2wheelsx2 is correct, neither of them are open on the weekend. I tried DBC and they are the cheapest, didn't charge me for any hydro test at all. I paid $20 for my 15lb and $15 for my 10lb tank. The only thing is, it is quite a drive to Annacis Island.


----------



## rwong2k10

oh great prices, I get mine filled in port moody, aw fireguard $20 for 10lbs, i'm getting 20lbs so i'll find out how much it is to fill them soon!


----------



## tony1928

Contact Pat at Canadian Aquatics. I had mine refilled and ready on the next day. 

Sent from my gigantic Samsung Note 2


----------



## blurry

crimper said:


> 2wheelsx2 is correct, neither of them are open on the weekend. I tried DBC and they are the cheapest, didn't charge me for any hydro test at all. I paid $20 for my 15lb and $15 for my 10lb tank. The only thing is, it is quite a drive to Annacis Island.


I usually go to DBC but they have changed and you pay tax and its not a back door thing anymore. Price also went up do not recall what it was though. That's why I bumped up this thread


----------



## kacairns

blurry said:


> I usually go to DBC but they have changed and you pay tax and its not a back door thing anymore. Price also went up do not recall what it was though. That's why I bumped up this thread


I think it all depends whats happening when you open the door, if lots of people back there or if its just one or two guys you get different responses =)


----------



## opt-e

I just filled up my brand new 10lb tank at DBC Marine this morning at 8am. For those who have never been there, look for Survitec Group, not DBC Marine, as the signage is for Survitec. It's the last unit (furthest west) of the building. I believe DBC is part of the Survitec Group. 

To have your tank refilled, you have to go around the back. You will see a big (maybe 15-20ft high) white tank in the back between bay 6 and 7. Go to the door behind the tank and ring the buzzer. Fill up of my 10lb was $23.10 ($22 + 5% tax). I was in and out in 5 minutes.


----------



## trixy

I went to DBC marine too for a fill-up $18+$0.90tax = $18.90 fro 5lbs tank...

word of advice get a the biggest tank you can fit in your room/stand/budget as it will cost you less in the long run...this was my mistake.


----------



## randylahey

The CO2 ran out on my recently expired 10lb tank. I took it to:
Royal City Fire Supplies Ltd.
633 12th St, New Westminster, BC V3M 4J5
(604) 522-1515
M-F 8-5
It got dropped off noon friday and will be ready monday.
Hydrotest $19 (24 hrs for test)
10lb fill $22 (on the spot fill)
Taxes extra

Sent from Petguide.com Free App


----------



## Reckon

Is there a place that isn't open only during work times? 8:30-4:30 M-F?


----------



## 2wheelsx2

randylahey said:


> The CO2 ran out on my recently expired 10lb tank. I took it to:
> Royal City Fire Supplies Ltd.
> 633 12th St, New Westminster, BC V3M 4J5
> (604) 522-1515
> M-F 8-5
> It got dropped off noon friday and will be ready monday.
> Hydrotest $19 (3days for test)
> 10lb fill $22 (on the spot fill)
> Taxes extra


The test actually takes only 24 hours (or probably less). It's only because you brought it in on Friday. I've taken it in as late as 11 AM one day and picked it up as early as 8:30 the next day.



Reckon said:


> Is there a place that isn't open only during work times? 8:30-4:30 M-F?

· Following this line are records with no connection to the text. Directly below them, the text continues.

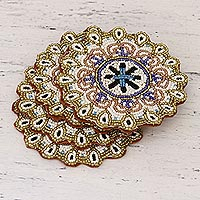Beaded coasters, 'Beaded Sun' (set of 4) - Glass Bead Round Coasters with Floral Pattern (Set of 4)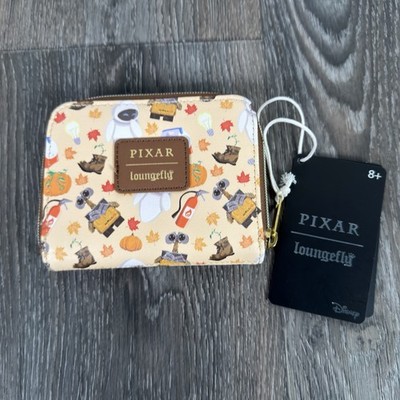 Loungefly Disney Pixar WALL-E Fall Icons Mini Zip Around Wallet AOP Pumpkin New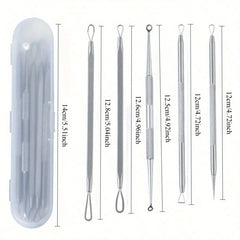 Stainless Steel Blackhead Remover Tool Kit | Professional Facial Cleanser Set with Stora detail view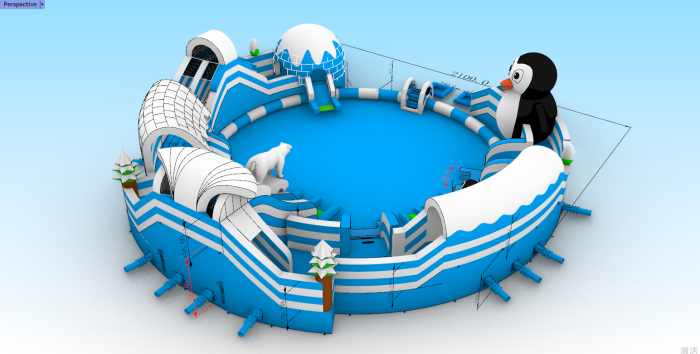 Надувной аквапарк "Северный полюс" 21*21*6 м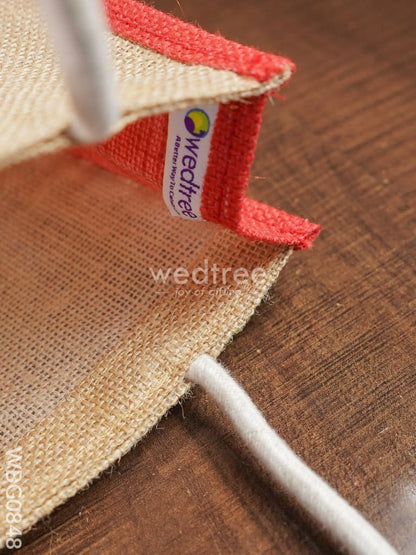 Jute Bag with Zari Lace Work - 9 inch - WBG0848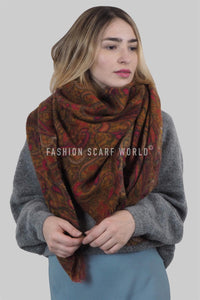 Elongated Paisley Print Blanket Wrap - Fashion Scarf World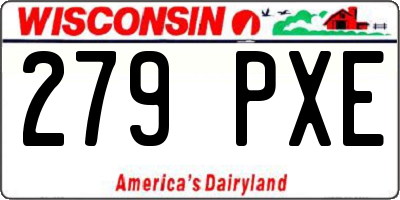 WI license plate 279PXE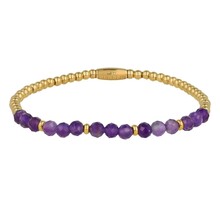 Armband met Facetgeslepen Edelstenen Kralen • Amethist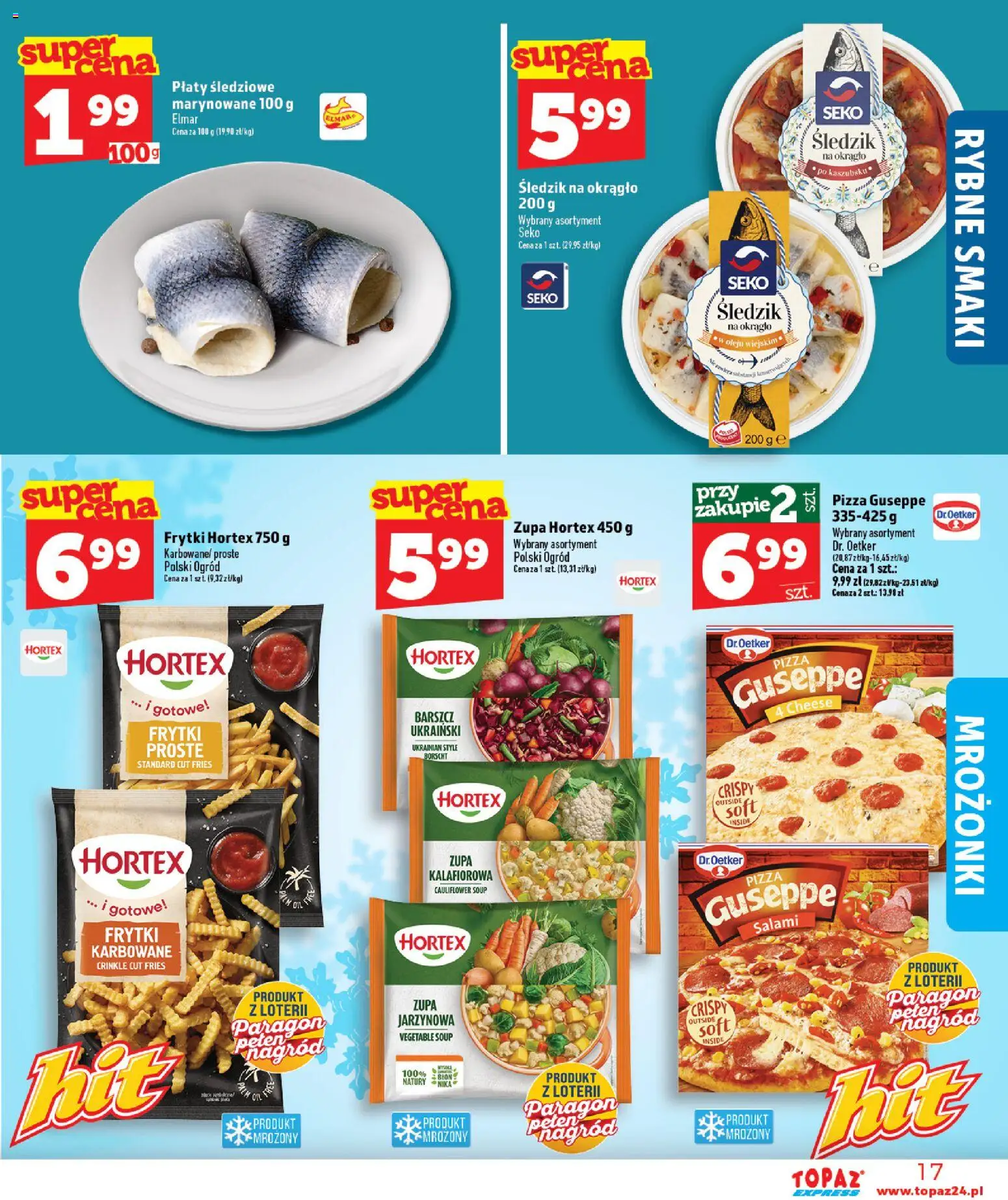 Topaz gazetka - Express od 03.09.2026 | Strona: 17 | Produkty: Pizza guseppe, Zupa, Salami, Frytki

KMS Tools does it, but is pricier, and does not hydrotest. Only fill.


----------



## randylahey

Good to know, thanks 2wheelsx2
Kms tools is a good weekend option but the fill seemed light compared to usage on other fills.

Sent from Petguide.com Free App


----------



## gabriel_bc

Also note that the KMS tools out in Langley and Abbotsford no longer do CO2 refills. Just PoCo does it, as far as I know.


----------



## shady280

Hey reckon there is a paintball place here in mission that is open 7 days a week and good hours. It's by chances casino. I've never had co2 done but I'm in the market for some paintball setup stuff for my tanks as this little inefficient fluval joke is driving me nuts


----------



## Reckon

shady280 said:


> Hey reckon there is a paintball place here in mission that is open 7 days a week and good hours. It's by chances casino. I've never had co2 done but I'm in the market for some paintball setup stuff for my tanks as this little inefficient fluval joke is driving me nuts


Thanks buddy, I'm using several 10lb tanks so I'll need a proper place to refill. As for paintball set ups they are great because you can get them refilled even at Canadian Tire - really any time you want.


----------



## shady280

Ah got ya. I should see if they would fill 10lb tanks for you. I've never inquired yet as I'm still finishing off my 20g cartridges.


----------



## kacairns

shady280 said:


> Ah got ya. I should see if they would fill 10lb tanks for you. I've never inquired yet as I'm still finishing off my 20g cartridges.


I believe but could be wrong the adapter used n paint ball and regular co2anks are completely different and paint ball stores are not setup to refill regular tanks as places like KMS can't fill up paint ball tanks


----------



## Florios

i got downtown to camouflage. 5 bucks fill any tank


----------